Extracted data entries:
§

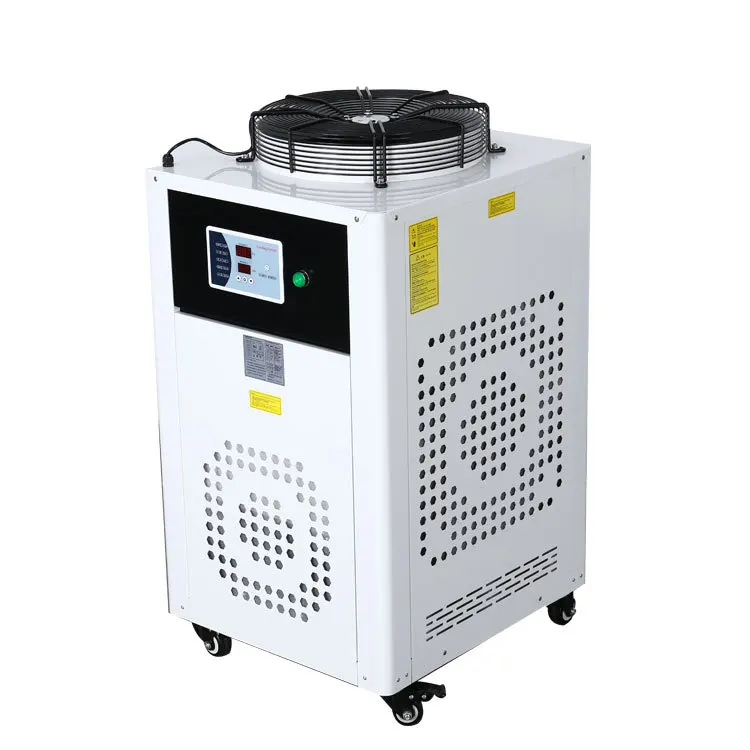 Laser Industrial Chiller - Refroidisseur industriel intelligent, refroidisseur laser
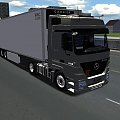 Mercedes Actros 1860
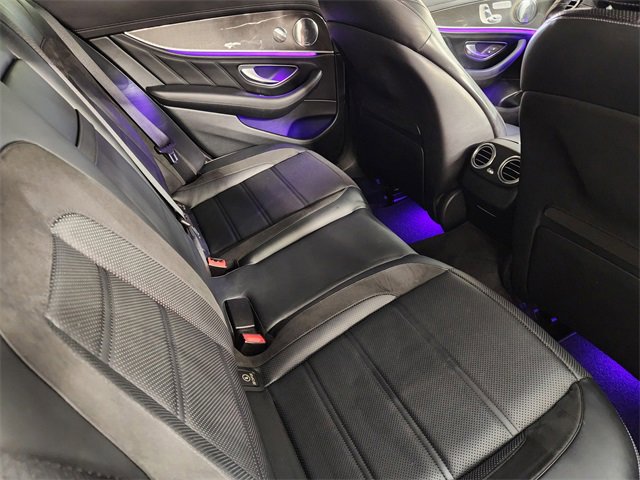 Used 2018 Mercedes-Benz E 43 AMG 4MATIC Sedan image 32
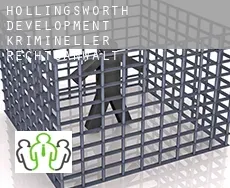 Hollingsworth Development  krimineller rechtsanwalt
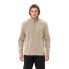 VAUDE Mineo half zip fleece Бежевый, S - фото #1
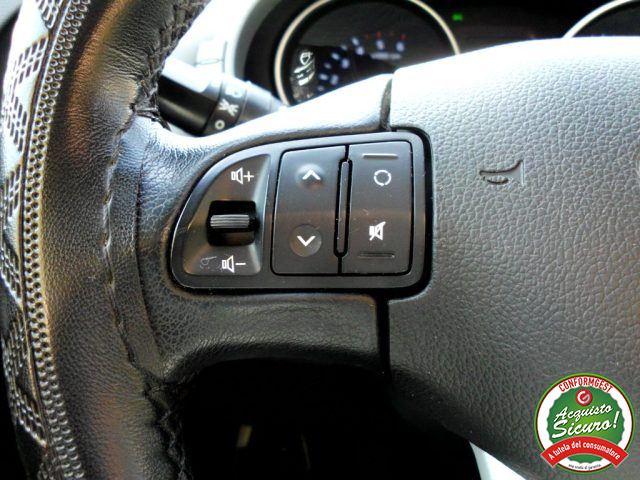 KIA Sportage usata, con USB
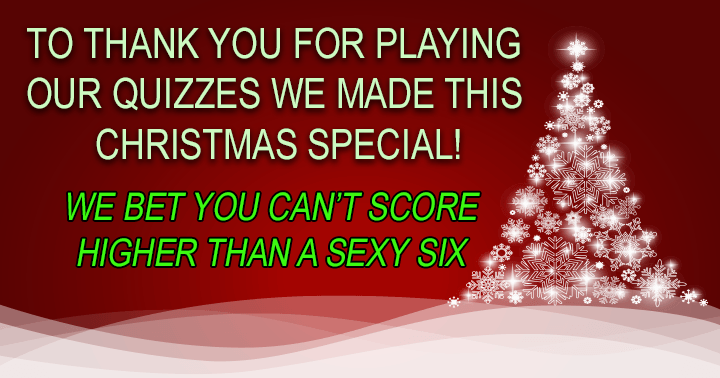 Banner for Try your hand at our Christmas Special challenge!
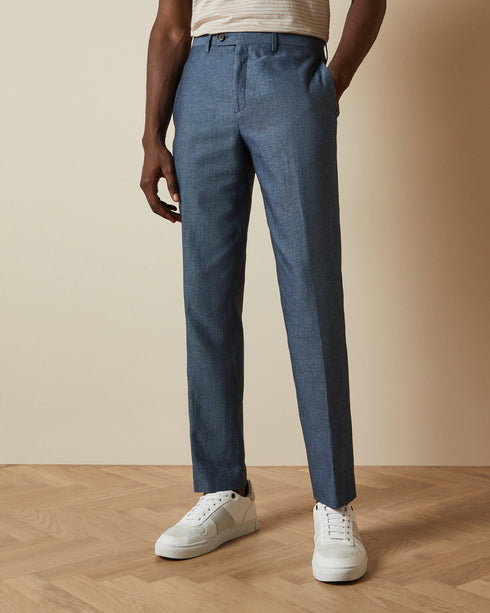 <P>Core Linen Trouser</P>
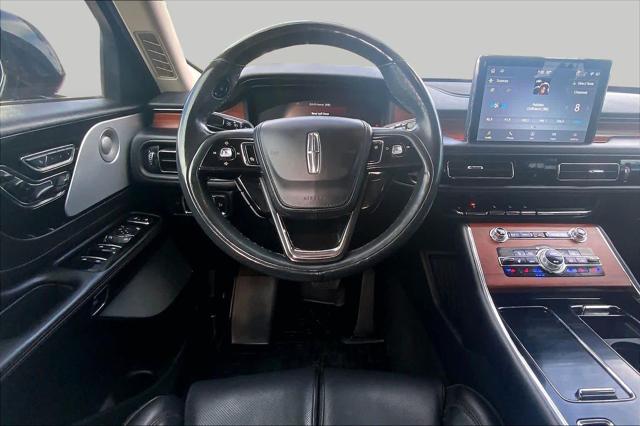 Used 2023 Lincoln Aviator Reserve For Sale in Lubbock, TX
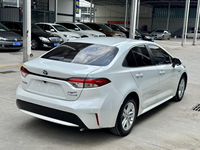 Voiture d'occasion Toyota Levin Luxe blanche 2021, exportation de voitures d'occasion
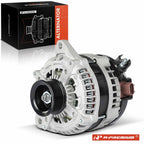 Alternator for Ford F-150 (2011–2017) 3.5L 3.7L 225A 6-Groove Pulley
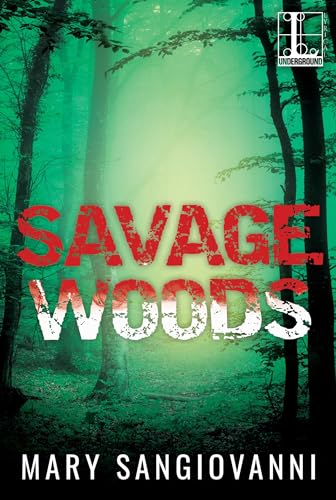 Stock image for Savage Woods for sale by SecondSale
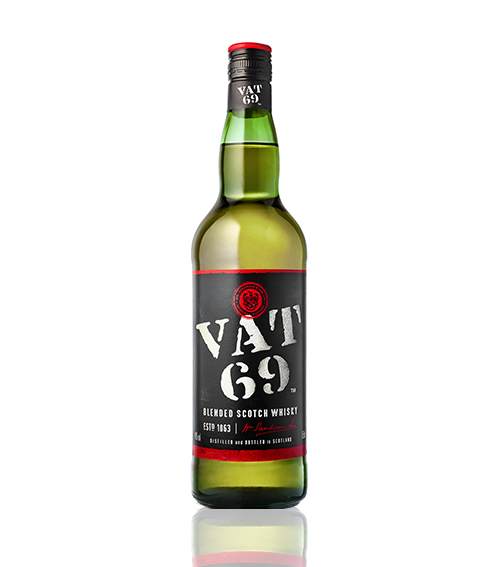 Vat 69 Blended Scotch Whisky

§

## The problem
Nothing but the lines from the one containing "Alternator for Ford" through the end of the entries should be written out, exactly and without pictures.

## Your solution
 Alternator for Ford F-150 (2011–2017) 3.5L 3.7L 225A 6-Groove Pulley
 Stock image for Savage Woods for sale by SecondSale
 Vat 69 Blended Scotch Whisky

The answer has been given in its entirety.